İkinci bilirkişi kurulunun oluşturulabilmesi için takdir olunan bedelde açık bir isabetsizliğin ya da kıymet takdir komisyonu tarafından tayin edilen kıymet ile bilirkişi kurulunun belirlediği kıymet arasında önemli bir oransızlığın varlığı gerekir.
Dava dilekçesinde kamulaştırma bedelinin arttırılması ile faiz ve masrafların davalı taraftan tahsili istenilmiştir. Mahkemece davanın kısmen kabulü cihetine gidilmiş, hüküm davalı vekili tarafından temyiz edilmiştir.
Temyiz isteminin süresi içinde olduğu anlaşıldıktan sonra dosyadaki bütün kağıtlar okunup gereği düşünüldü: K: 1- Birinci bilirkişi kurulu, dava konusu taşınmaz ile aynı adada bulunan 159 ada 2 parseli somut emsal alarak değerlendirme yapmış ve takdir komisyonunun aynı tarihli değerlendirmesi ile aynı sonuca varmıştır. Bu raporu geçersiz kılan herhangi bir unsur olmadığı gibi davacı dahi emsal alınan bu taşınmazın satış fiyatının gerçeği yansıtmadığını ileri sürmemiş, sadece başka yerlerdeki satışların da dikkate alınmasını istemiş, bunun üzerine mahkemece iki kez daha bilirkişi incelemesi yaptırılmış bu iki raporda aynı emsal incelenmiş olmakla beraber ikinci rapor emsal (90 ada 70 parsel) üzerindeki binanın değerlendirmesi sonucu vardığı fiyatın emsal teşkil etmeyeceğini kabul ederek, herhangi bir esasa dayanmayan biçimde genel nitelikteki sözlerle 800.000 TL/m² sonucuna varmış, aynı taşınmazı somut emsal olan üçüncü bilirkişi kurulu ise taşınmaz üzerindeki binaya farklı bir değer biçerek değerlendirme yapmış ve ayrıntılı bir karşılaştırma yapmaksızın 2. bilirkişi kurulu raporu ile aynı sonuca varmıştır.
Görüldüğü gibi 2 ve 3. bilirkişi kurulu raporları hükme esas alınacak yeterli niteliklere haiz olmadıkları gibi, Kamulaştırma Kanununun 2 ve 3. bilirkişi kurulları oluşturulması koşullarını belirleyen 15. maddesinin 11. fıkrası, 1. bilirkişi kurulundan sonra yeniden bir kurul oluşturulabilmesi için takdir olunan bedelde açık bir isabetsizliğin ya da kıymet takdir komisyonu tarafından tayin edilen kıymet ile bilirkişi kurulunun belirlediği kıymet arasında önemli bir oransızlığın (Yargıtay uygulamalarına göre bir mislini aşan) varlığını şart koşmuştur.

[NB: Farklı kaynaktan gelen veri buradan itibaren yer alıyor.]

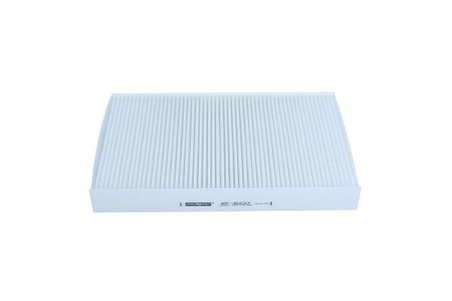 Filtru aer habitaclu Maxgear 26-0250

Mahkemece 2 ve 3. bilirkişi kurullarının oluşturulmasında yukarıdaki yasal nedenlerin hiçbirisine dayanılmadığı gibi, yukarıda açıklandığı üzere 1. bilirkişi kurulu raporu da yasaya uygun olup, onu geçersiz kılan başka bir neden de bulunmamaktadır.

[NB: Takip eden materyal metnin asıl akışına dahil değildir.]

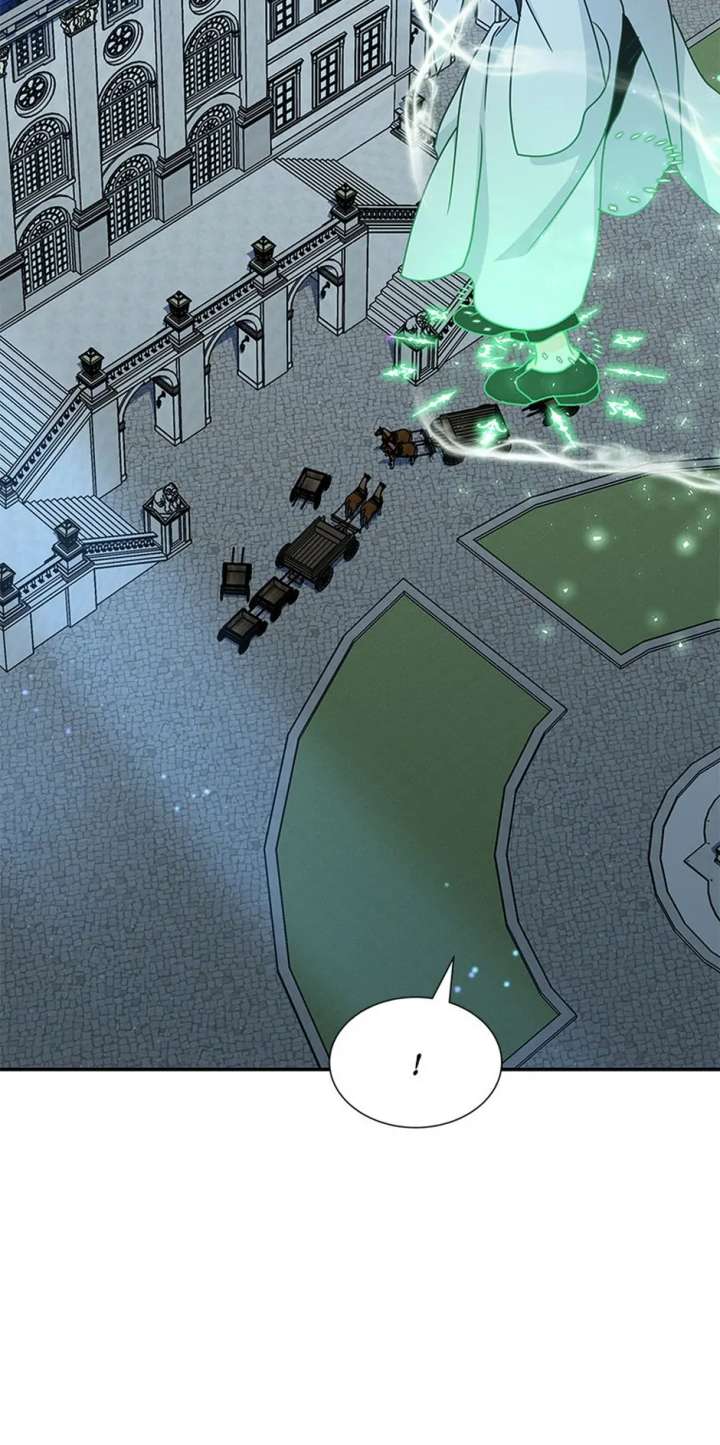 I Became the Head of the Family Chapter 104 319 72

Bu durumda birinci bilirkişi kurulu raporu esas alınarak hüküm kurulması gerekirken, gereksiz yere oluşturulan ve esasen hükme esas alınabilecek değerlendirmeleri içermeyen 2 ve 3. raporlara göre hüküm kurulması doğru görülmemiştir.
SONUÇ: Bu itibarla yukarıda açıklanan esaslar gözönünde tutulmaksızın yazılı şekilde hüküm tesisi isabetsiz, temyiz itirazları bu nedenlerle yerinde olduğundan kabulü ile hükmün HUMK’nun 428. maddesi gereğince (BOZULMASINA), temyiz peşin harcının istek halinde temyiz edene iadesine, 21.11.1996 gününde oybirliğiyle karar verildi.